The method of cleaning the sea water side surfaces depends upon the type of
heat exchanger. With the shell-and-tube type, the removal of the header covers
or, in the case of smaller heat exchangers, the headers themselves, will
provide access to the tubes. Obstructions, dirt, scale etc., can then be
removed, using the tools provided by the manufacturer. Flushing through with
fresh water is recommended before a heat exchanger is returned to service. In
some applications, such as piston oil cooling, progressive fouling may take
place on the outside of the tubes. Most manufacturers recommend a chemical
flushing process to remove this in- situ, without dismantling the heat
exchanger.
Plate
heat exchangers may be cleaned by unclamping the stack of plates and
mechanically cleaning the surface of each plate as recommended by the
manufacturers. The plate seals may require replacement from time to time and
here the manufacturers’ instructions should be closely followed.

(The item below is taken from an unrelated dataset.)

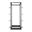 Intellinet 19" 4-Pfosten Laborgestell 48HE Flatpack schwarz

Although maintenance is a rapid, simple operation, the heat transfer
plates must be handled with care.
Corrosion
by sea water may occasionally cause perforation of heat transfer surfaces. This
will cause leakage of one fluid into the other but this is not always easy to
detect whilst the leakage is small, although substantial leaks may become
evident through rapid loss of lubricating oil, jacket water etc.
Location
of a perforation is a straight forward matter in the case of a tubular heat
exchanger, whether this is of the shell-and-tube type or of other tubular
construction. Having drained the heat exchanger of sea water and removed the
covers or headers to expose the tube ends, some flow of the liquid on the other
side of the surface will be apparent, in the case of oil and water coolers,
from any tubes which are perforated. To test for leaks in air coolers drain
coolers etc. each tube in turn can be plugged at each end and pressurized with
air; inability to hold pressure indicates a leak.
To
aid the detection of leaks in a large cooler such as a main condenser, in which
it is difficult to get the tubes dry enough to witness any seepage, it is usual
to add a special fluorescent dye to the shell side of the cooler. When a
ultra-violet light is shone on to the tubes and tube plates any seepage is seen
since the dye glows with a vivid green light. In plate heat exchangers, the
only way to locate leaks is by visual inspection of the plate surfaces.
On
docking for any protracted period, such as for repairs, refitting etc. it is
advisable to drain the sea water side of heat exchangers, clean and flush
through with fresh water, after which the heat exchanger should be left
drained, if possible until the ship re-enters service.